Saving the soil (#SaveSoilAtCOP15) has been a major campaign for civil society and human and environmental rights groups.
Agricultural land needs fixing
Renowned spiritual guru Jagadish “Jaggi” Vasudev, better known as Sadhguru, rallied countries to agree to a 3 to 6% increase in organic content on soil to stop desertification of the world’s lands.
“70% of land is ploughed and 4.2% is paved… The real fixing that we need is on agricultural land. Keep the soil alive. The UNCCD COP15 needs to end with implementable action,” he said. Sadguru travelled 30 000 km on a solo motorcycle journey as part of his call for farmers to restore lands with organic matter. The UNCCD estimates that by 2050, 80% of land will be degraded if urgent steps are not taken.
“The most important thing is to recognise soil as a living entity and keep it alive. More than 85% of the nations on the planet still look at soil as an inert substance. This approach must change immediately if we want to save soil,” he said during his address.
Solutions for land restoration are a top priority for scientists and policy makers sharing knowledge, science and influence on the side lines of the negotiations. Lead scientist at the UNCCD Barren Joseph said that COP15 brought scientists and leading experts in various fields together to share innovative solutions and expert knowledge on restoration and drought preparedness.
“We are not going to be able to adapt unless we’ve got good, inclusive, responsible governance supporting the people on the ground,” he explained in a broadcast.

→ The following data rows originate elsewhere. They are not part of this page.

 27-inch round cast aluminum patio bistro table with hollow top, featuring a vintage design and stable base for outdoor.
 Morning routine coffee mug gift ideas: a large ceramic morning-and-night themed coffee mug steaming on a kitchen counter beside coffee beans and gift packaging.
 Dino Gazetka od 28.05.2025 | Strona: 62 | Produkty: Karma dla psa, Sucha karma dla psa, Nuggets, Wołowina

COP15 is expected to begin a process that will finalise technical guidelines for land degradation neutrality that considers food security. Land degradation neutrality is the term referring to a point where land is used sustainably. Several decisions by UNCCD’s 196 member states must be issued on Friday, 20 May at the conclusion of COP15.
“Practicable and sustainable solutions exist to contribute to land degradation neutrality while increasing productivity. The Food and Agriculture Organization believes in a world where natural resources are used in a sustainable way to meet food security and nutritious needs,” Maria Helena Semedo, FAO’s deputy director-general said at the opening.

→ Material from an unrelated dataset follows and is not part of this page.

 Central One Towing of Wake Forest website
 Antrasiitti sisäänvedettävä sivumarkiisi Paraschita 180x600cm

Strengthening women’s rights, equal access to land and other resources offers greater potential to increase food security, improve livelihoods and reduce poverty. These were among the remarks by panellists at side events addressing issues of land tenure and gender equity.
Acknowledge, address gender gaps
Tech businesswoman Patricia Zoundi called for the facilitation of access to agricultural inputs, finance, training and technologies that address the specific needs of smallholder farmers, particularly women.
“In developing countries where land degradation is more pronounced, women often have the role of providing food and water. Given their substantial role in agriculture and food production, women are disproportionately affected when land is degraded and becomes scarce,” said Abdulla Shahid, president of the 76th session of the United Nations General Assembly.
“Adding to the problem is the issue of land ownership. While no systematic global data exists, preliminary estimates suggest that women account for less than 20% of the world’s landholders,” he added.
“We must acknowledge that when women do not legally own their land, or where customs and practices prevent their ownership of land, they are not recognised as farmers or ‘value-chain’ actors.”
Desertification and land degradation affect around three billion people worldwide, the UN Convention said.
“Most countries and communities now recognise the urgent need to transform land governance and restore land-based natural capital to create meaningful jobs, reduce emissions, and restore harmony with nature,” the organisation said.
“Whether in managed or natural ecosystems, these activities can only be sustained by targeted government policies and budget outlays, considerable shifts in consumer demand and corporate investment, and more inclusive and responsible governance – all of which must come together to support regenerative land and water management practices on the ground.